映画『ルノワール』撮影の現場で感じたこと

早川監督という「静かな柱」 

映画『ルノワール』。
私自身はラストシーンのみの参加でしたが、あの現場での時間は短くても深く心に刻まれています。

この作品は、日本・フランス・シンガポール・フィリピンの4カ国による国際共同制作。文化も言語も価値観も異なるスタッフたちが一つの作品に向かって動いている現場には、当然ながら緊張感や複雑さもあったと思います。

しかし、不思議と“ギスギス”した空気はなく、どこか柔らかく、風通しの良さすら感じる現場でした。その空気の中心にいたのが早川監督でした。

ぱっと見は穏やかな印象の女性ですが、実際に接してみると、丁寧さと柔らかさの奥に強くしなやかな“軸”を持っていることがわかります。

早川監督は日本語と英語を自由に行き来しながら、国籍や背景の異なるスタッフの間を「翻訳」ではなく「橋渡し」していました。

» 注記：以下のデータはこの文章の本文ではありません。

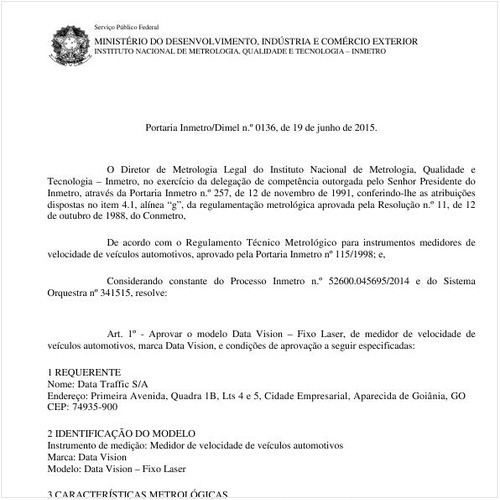 Portaria DIMEL/INMETRO 136:2015 - Situação: Em vigor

文化的なニュアンスまできちんと汲み取り、誰も取り残さないよう配慮している姿が印象的でした。

雨で撮影が止まった時、たまたま私の隣にいらっしゃって、「蒸し暑くないですか?」と気にかけてくださったのを覚えています。特別な言葉ではないけれど、心がふっとほどけるような声のトーンで。その一言に、“現場を信じ、ひとり一人を大切に思っている”という姿勢が滲んでいたように感じました。

静かで優しい佇まい。しかしその内側には、監督としての鋭さと胆力、そして国を超えて人を動かす器の大きさが確かにありました。

私が参加したのはほんのわずかでしたが、それでも「この現場にまた戻りたい」と心から思いました。映画に関わったというより、“人の輪に触れた”ような、そんなあたたかさがありました。

映画『ルノワール』は、複数の文化が交差しながらひとつの芸術に昇華していく作品。そして、その背景には静かに、でも確かに人を動かす“芯”を持つ監督の存在がありました。

またご縁があれば、次はもっと長く、早川組の空気に身を置いてみたい。そう願わずにはいられません。